• Directions
Each entry listed below should be reproduced word for word.

▽

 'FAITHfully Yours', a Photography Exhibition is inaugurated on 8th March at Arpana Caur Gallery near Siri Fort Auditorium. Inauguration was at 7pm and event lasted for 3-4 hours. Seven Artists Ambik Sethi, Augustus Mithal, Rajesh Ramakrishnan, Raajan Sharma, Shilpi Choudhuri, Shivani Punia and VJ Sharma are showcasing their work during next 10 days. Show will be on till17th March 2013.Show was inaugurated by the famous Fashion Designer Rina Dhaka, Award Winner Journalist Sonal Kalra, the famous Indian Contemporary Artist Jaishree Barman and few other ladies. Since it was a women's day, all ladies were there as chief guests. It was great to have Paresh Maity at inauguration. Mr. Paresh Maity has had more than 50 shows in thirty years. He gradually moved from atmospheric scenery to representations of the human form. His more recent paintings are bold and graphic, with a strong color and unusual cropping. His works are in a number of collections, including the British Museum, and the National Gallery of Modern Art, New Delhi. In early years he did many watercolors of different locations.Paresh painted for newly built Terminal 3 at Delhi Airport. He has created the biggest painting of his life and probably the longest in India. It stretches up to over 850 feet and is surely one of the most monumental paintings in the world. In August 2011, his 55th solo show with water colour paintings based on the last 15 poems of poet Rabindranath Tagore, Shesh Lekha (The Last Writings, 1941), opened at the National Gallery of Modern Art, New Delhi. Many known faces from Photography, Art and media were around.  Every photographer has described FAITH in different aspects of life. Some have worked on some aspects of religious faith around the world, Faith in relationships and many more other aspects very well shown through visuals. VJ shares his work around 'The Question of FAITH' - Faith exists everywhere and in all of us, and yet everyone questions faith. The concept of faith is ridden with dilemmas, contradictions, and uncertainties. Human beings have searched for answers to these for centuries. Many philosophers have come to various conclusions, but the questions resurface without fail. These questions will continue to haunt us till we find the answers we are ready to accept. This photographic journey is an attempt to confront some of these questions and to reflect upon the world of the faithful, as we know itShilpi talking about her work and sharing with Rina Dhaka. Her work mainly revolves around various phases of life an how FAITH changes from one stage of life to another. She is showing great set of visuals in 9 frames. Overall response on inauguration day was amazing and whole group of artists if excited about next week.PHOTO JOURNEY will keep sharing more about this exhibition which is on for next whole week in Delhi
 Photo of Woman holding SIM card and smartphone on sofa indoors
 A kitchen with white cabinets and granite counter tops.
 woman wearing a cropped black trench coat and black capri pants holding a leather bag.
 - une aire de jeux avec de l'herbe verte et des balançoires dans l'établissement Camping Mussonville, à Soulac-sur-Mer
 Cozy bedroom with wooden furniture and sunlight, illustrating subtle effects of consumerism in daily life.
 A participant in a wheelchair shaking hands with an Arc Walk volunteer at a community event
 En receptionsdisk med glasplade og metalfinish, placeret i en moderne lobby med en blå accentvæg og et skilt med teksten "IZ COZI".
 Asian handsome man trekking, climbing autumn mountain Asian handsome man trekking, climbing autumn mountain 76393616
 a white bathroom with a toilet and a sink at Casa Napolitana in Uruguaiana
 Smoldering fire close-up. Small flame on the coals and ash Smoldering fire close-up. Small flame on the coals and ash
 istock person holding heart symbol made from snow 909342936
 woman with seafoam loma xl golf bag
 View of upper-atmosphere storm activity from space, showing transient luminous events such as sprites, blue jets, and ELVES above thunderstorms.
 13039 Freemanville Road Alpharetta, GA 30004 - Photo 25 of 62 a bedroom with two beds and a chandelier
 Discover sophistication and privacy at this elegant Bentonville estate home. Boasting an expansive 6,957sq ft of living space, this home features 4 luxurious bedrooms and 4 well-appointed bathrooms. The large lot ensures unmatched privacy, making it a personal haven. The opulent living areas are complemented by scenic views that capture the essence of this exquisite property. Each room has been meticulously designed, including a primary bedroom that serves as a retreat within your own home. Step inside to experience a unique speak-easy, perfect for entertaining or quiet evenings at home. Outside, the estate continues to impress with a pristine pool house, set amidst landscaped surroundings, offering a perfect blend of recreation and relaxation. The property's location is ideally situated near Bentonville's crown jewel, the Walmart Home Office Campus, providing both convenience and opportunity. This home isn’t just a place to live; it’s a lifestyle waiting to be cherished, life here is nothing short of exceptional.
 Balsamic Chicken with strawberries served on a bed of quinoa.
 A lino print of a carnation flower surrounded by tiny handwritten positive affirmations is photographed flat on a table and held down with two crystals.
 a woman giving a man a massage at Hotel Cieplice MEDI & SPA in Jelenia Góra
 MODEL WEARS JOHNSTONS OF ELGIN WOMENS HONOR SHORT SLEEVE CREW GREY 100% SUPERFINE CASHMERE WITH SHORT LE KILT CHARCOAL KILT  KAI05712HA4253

△

• Result of the task
 'FAITHfully Yours', a Photography Exhibition is inaugurated on 8th March at Arpana Caur Gallery near Siri Fort Auditorium. Inauguration was at 7pm and event lasted for 3-4 hours. Seven Artists Ambik Sethi, Augustus Mithal, Rajesh Ramakrishnan, Raajan Sharma, Shilpi Choudhuri, Shivani Punia and VJ Sharma are showcasing their work during next 10 days. Show will be on till17th March 2013.Show was inaugurated by the famous Fashion Designer Rina Dhaka, Award Winner Journalist Sonal Kalra, the famous Indian Contemporary Artist Jaishree Barman and few other ladies. Since it was a women's day, all ladies were there as chief guests. It was great to have Paresh Maity at inauguration. Mr. Paresh Maity has had more than 50 shows in thirty years. He gradually moved from atmospheric scenery to representations of the human form. His more recent paintings are bold and graphic, with a strong color and unusual cropping. His works are in a number of collections, including the British Museum, and the National Gallery of Modern Art, New Delhi. In early years he did many watercolors of different locations.Paresh painted for newly built Terminal 3 at Delhi Airport. He has created the biggest painting of his life and probably the longest in India. It stretches up to over 850 feet and is surely one of the most monumental paintings in the world. In August 2011, his 55th solo show with water colour paintings based on the last 15 poems of poet Rabindranath Tagore, Shesh Lekha (The Last Writings, 1941), opened at the National Gallery of Modern Art, New Delhi. Many known faces from Photography, Art and media were around.  Every photographer has described FAITH in different aspects of life. Some have worked on some aspects of religious faith around the world, Faith in relationships and many more other aspects very well shown through visuals. VJ shares his work around 'The Question of FAITH' - Faith exists everywhere and in all of us, and yet everyone questions faith. The concept of faith is ridden with dilemmas, contradictions, and uncertainties. Human beings have searched for answers to these for centuries. Many philosophers have come to various conclusions, but the questions resurface without fail. These questions will continue to haunt us till we find the answers we are ready to accept. This photographic journey is an attempt to confront some of these questions and to reflect upon the world of the faithful, as we know itShilpi talking about her work and sharing with Rina Dhaka. Her work mainly revolves around various phases of life an how FAITH changes from one stage of life to another. She is showing great set of visuals in 9 frames. Overall response on inauguration day was amazing and whole group of artists if excited about next week.PHOTO JOURNEY will keep sharing more about this exhibition which is on for next whole week in Delhi
 Photo of Woman holding SIM card and smartphone on sofa indoors
 A kitchen with white cabinets and granite counter tops.
 woman wearing a cropped black trench coat and black capri pants holding a leather bag.
 - une aire de jeux avec de l'herbe verte et des balançoires dans l'établissement Camping Mussonville, à Soulac-sur-Mer
 Cozy bedroom with wooden furniture and sunlight, illustrating subtle effects of consumerism in daily life.
 A participant in a wheelchair shaking hands with an Arc Walk volunteer at a community event
 En receptionsdisk med glasplade og metalfinish, placeret i en moderne lobby med en blå accentvæg og et skilt med teksten "IZ COZI".
 Asian handsome man trekking, climbing autumn mountain Asian handsome man trekking, climbing autumn mountain 76393616
 a white bathroom with a toilet and a sink at Casa Napolitana in Uruguaiana
 Smoldering fire close-up. Small flame on the coals and ash Smoldering fire close-up. Small flame on the coals and ash
 istock person holding heart symbol made from snow 909342936
 woman with seafoam loma xl golf bag
 View of upper-atmosphere storm activity from space, showing transient luminous events such as sprites, blue jets, and ELVES above thunderstorms.
 13039 Freemanville Road Alpharetta, GA 30004 - Photo 25 of 62 a bedroom with two beds and a chandelier
 Discover sophistication and privacy at this elegant Bentonville estate home. Boasting an expansive 6,957sq ft of living space, this home features 4 luxurious bedrooms and 4 well-appointed bathrooms. The large lot ensures unmatched privacy, making it a personal haven. The opulent living areas are complemented by scenic views that capture the essence of this exquisite property. Each room has been meticulously designed, including a primary bedroom that serves as a retreat within your own home. Step inside to experience a unique speak-easy, perfect for entertaining or quiet evenings at home. Outside, the estate continues to impress with a pristine pool house, set amidst landscaped surroundings, offering a perfect blend of recreation and relaxation. The property's location is ideally situated near Bentonville's crown jewel, the Walmart Home Office Campus, providing both convenience and opportunity. This home isn’t just a place to live; it’s a lifestyle waiting to be cherished, life here is nothing short of exceptional.
 Balsamic Chicken with strawberries served on a bed of quinoa.
 A lino print of a carnation flower surrounded by tiny handwritten positive affirmations is photographed flat on a table and held down with two crystals.
 a woman giving a man a massage at Hotel Cieplice MEDI & SPA in Jelenia Góra
 MODEL WEARS JOHNSTONS OF ELGIN WOMENS HONOR SHORT SLEEVE CREW GREY 100% SUPERFINE CASHMERE WITH SHORT LE KILT CHARCOAL KILT  KAI05712HA4253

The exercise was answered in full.